Records from a data collection:
-------
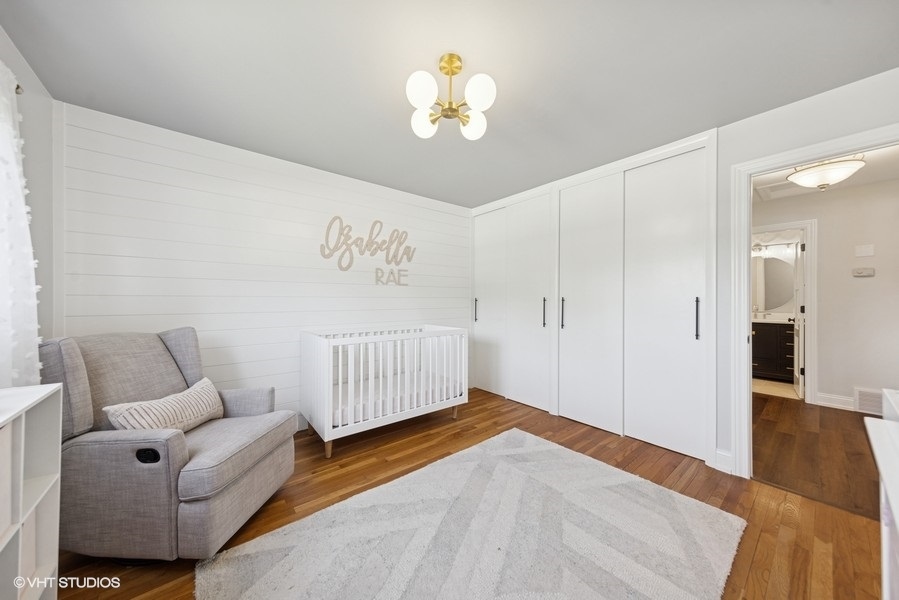 527 Maple Lane Geneva, IL 60134 - Photo 31 of 42 a bedroom with a bed and a couch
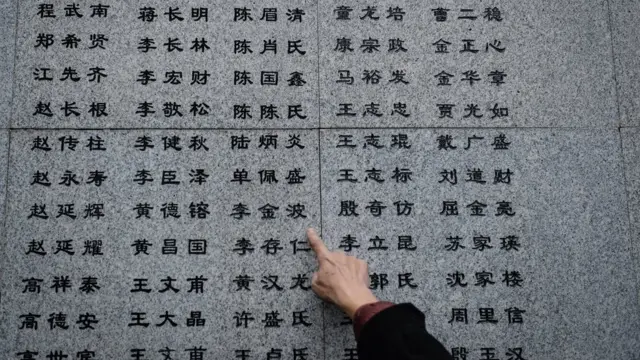 侵华日军南京大屠杀遇难同胞纪念馆一名遇难者遗属指着“哭墙”上新增的姓名（新华社图片10/12/2016）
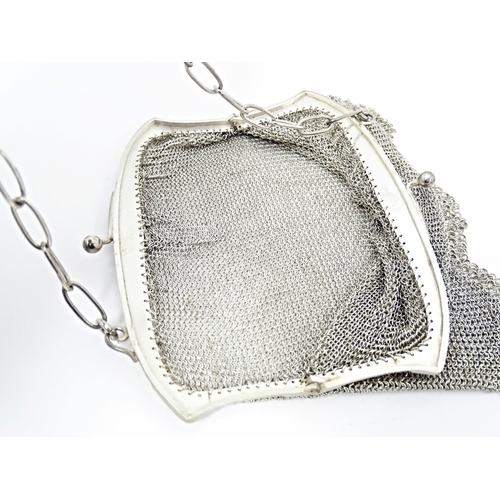 421 - An early 20thC silver bag / purse with mesh body and hanging chain, the top marked with silver impor... 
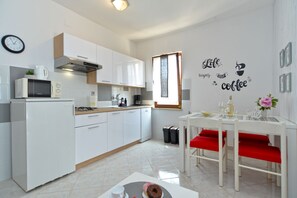 Enjoy cooking in this well-equipped kitchen with a gas stove, microwave, and coffee machine.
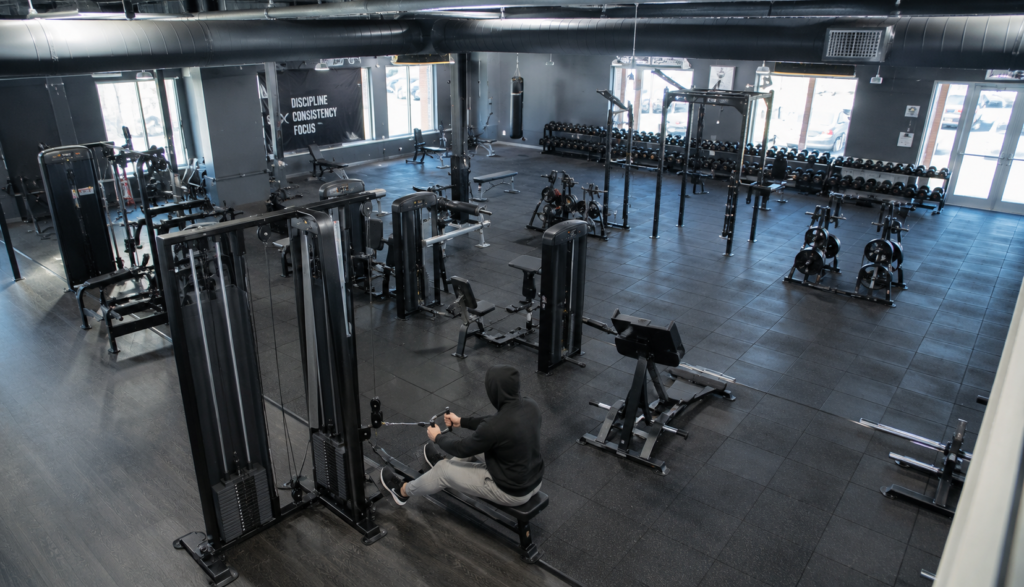 Wide gym shot of lifter performing a light seated cable row
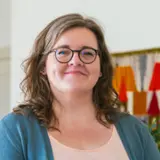 En kvinna står framför en krukväxt.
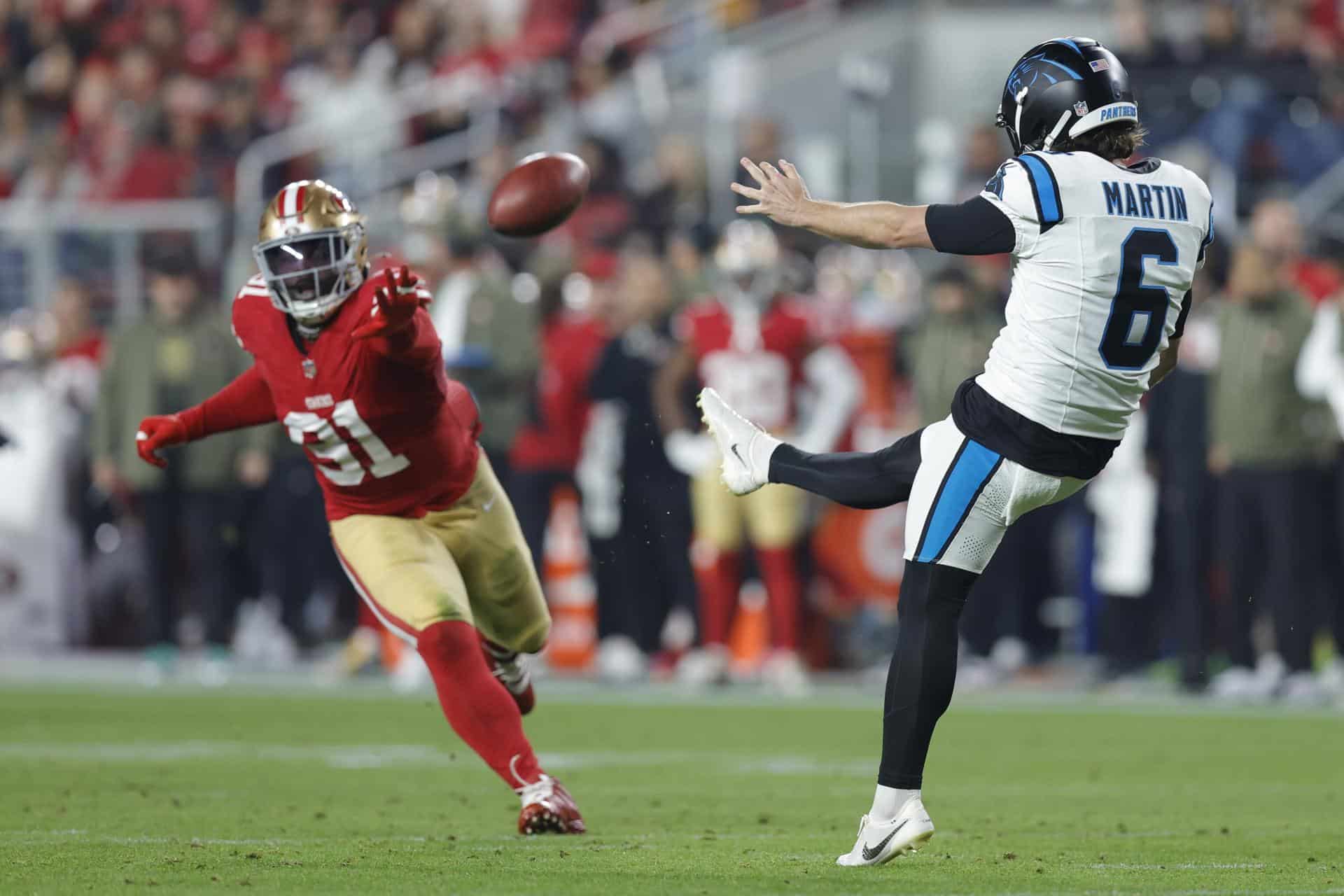 El pateador de los Carolina Panthers Sam Martin (d) patea el balón mientras Isaac Guerendo (i), de los San Francisco 49ers, defiende durante la primera mitad del partido de la NFL entre los Carolina Panthers y los San Francisco 49ers en Santa Clara, California (EE.UU.). EFE/JOHN G. MABANGLO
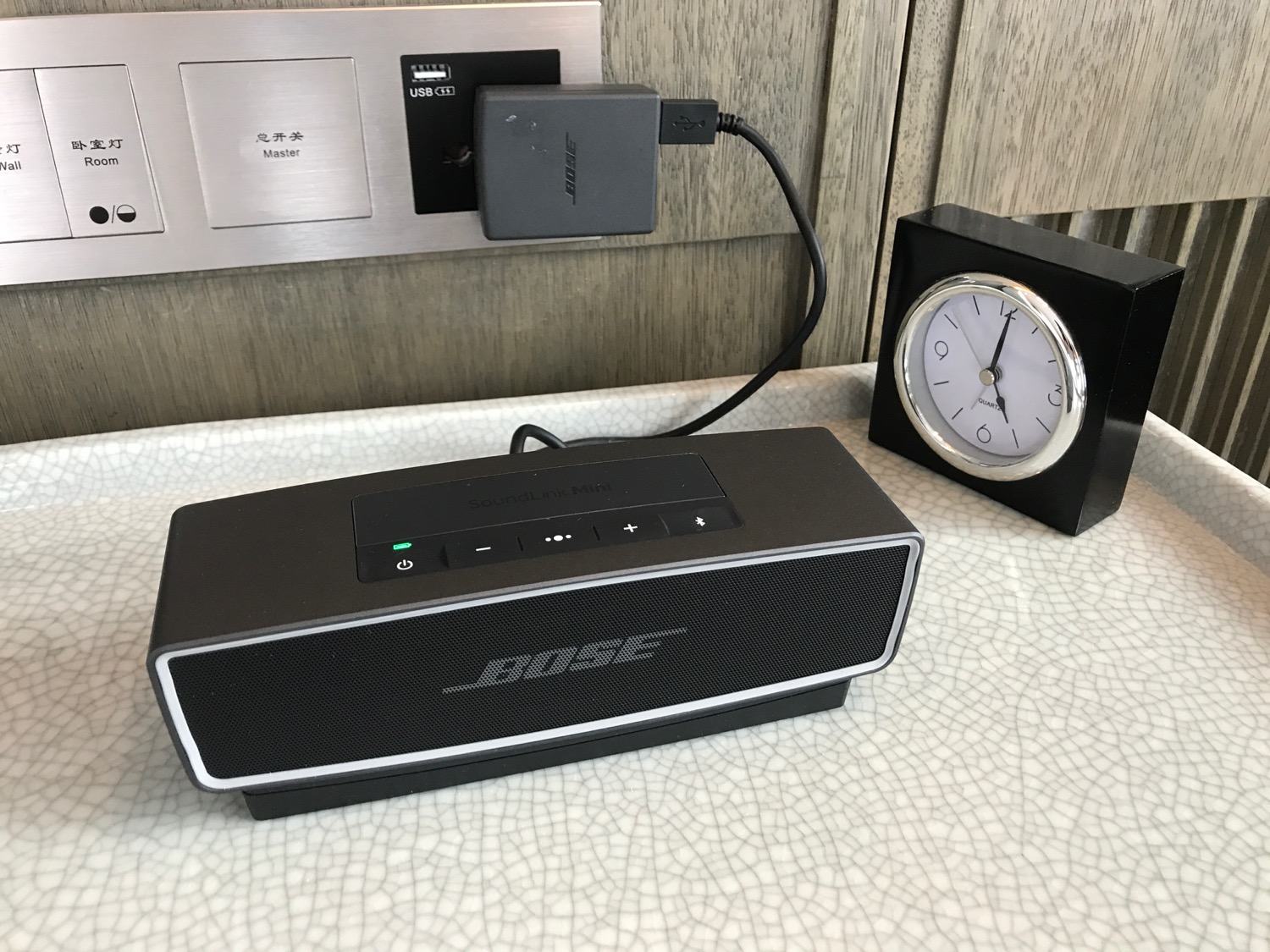 a black speaker with a black charger plugged into it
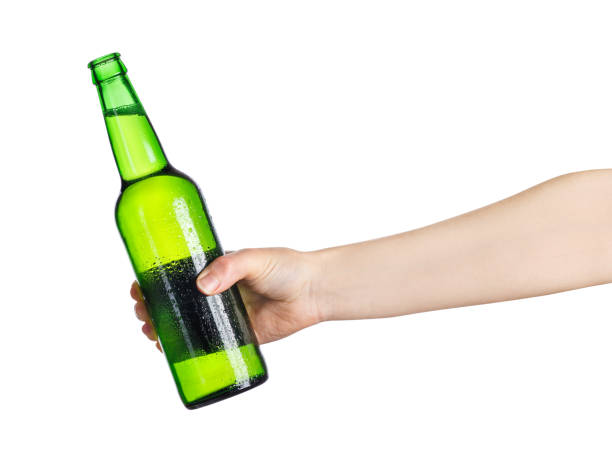 istock female hand with green beer bottle 924760738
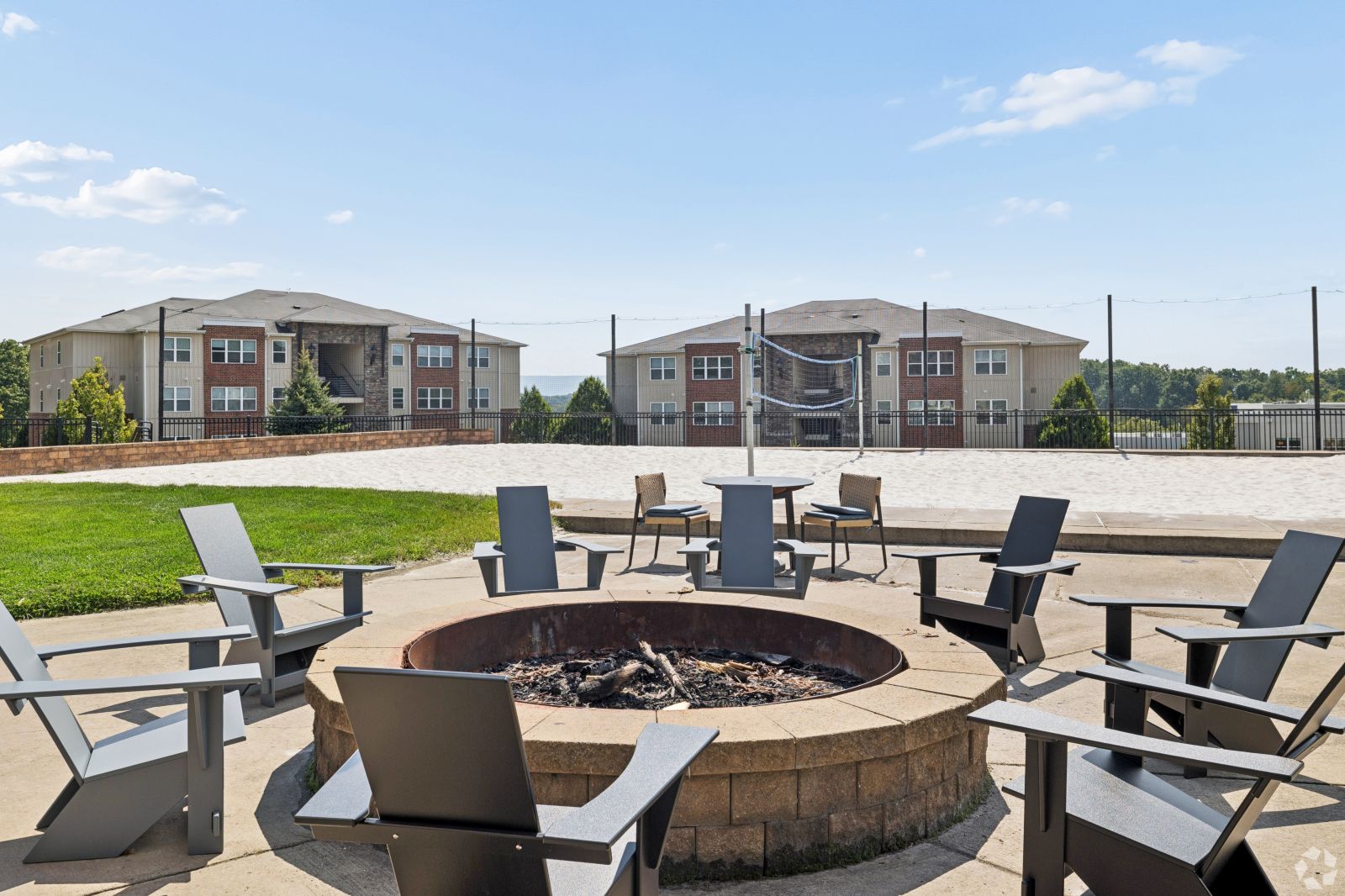 Outdoor stone fire pit surrounded by Adirondack chairs with apartment buildings in the background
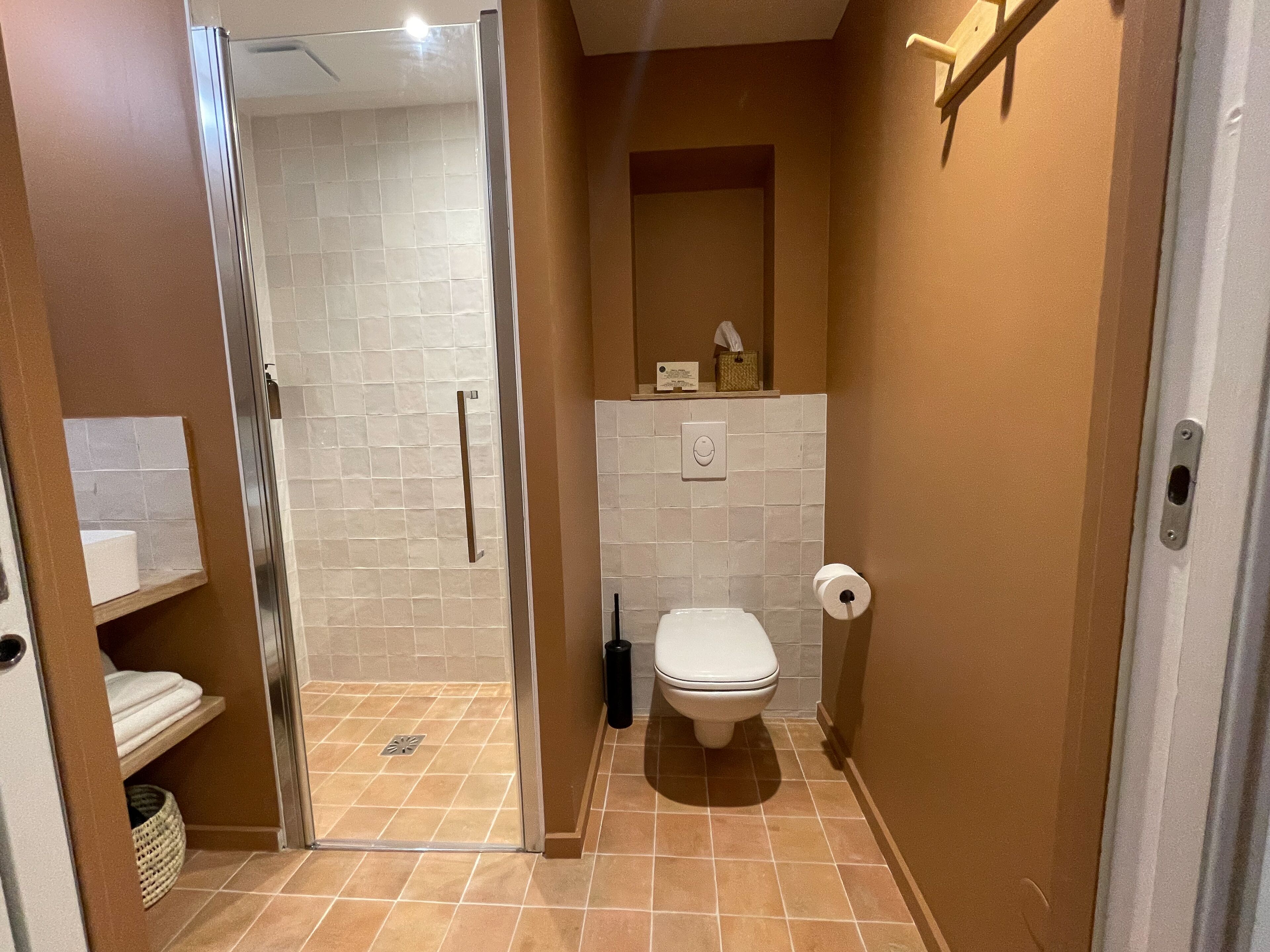 A bathroom with a shower, toilet, and a towel rack.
-------
**Try it**: Beginning with the line that has "Enjoy cooking in", repeat each remaining line of the data above word for word, keeping pictures out.

**Answer to this task**:
 Enjoy cooking in this well-equipped kitchen with a gas stove, microwave, and coffee machine.
 Wide gym shot of lifter performing a light seated cable row
 En kvinna står framför en krukväxt.
 El pateador de los Carolina Panthers Sam Martin (d) patea el balón mientras Isaac Guerendo (i), de los San Francisco 49ers, defiende durante la primera mitad del partido de la NFL entre los Carolina Panthers y los San Francisco 49ers en Santa Clara, California (EE.UU.). EFE/JOHN G. MABANGLO
 a black speaker with a black charger plugged into it
 istock female hand with green beer bottle 924760738
 Outdoor stone fire pit surrounded by Adirondack chairs with apartment buildings in the background
 A bathroom with a shower, toilet, and a towel rack.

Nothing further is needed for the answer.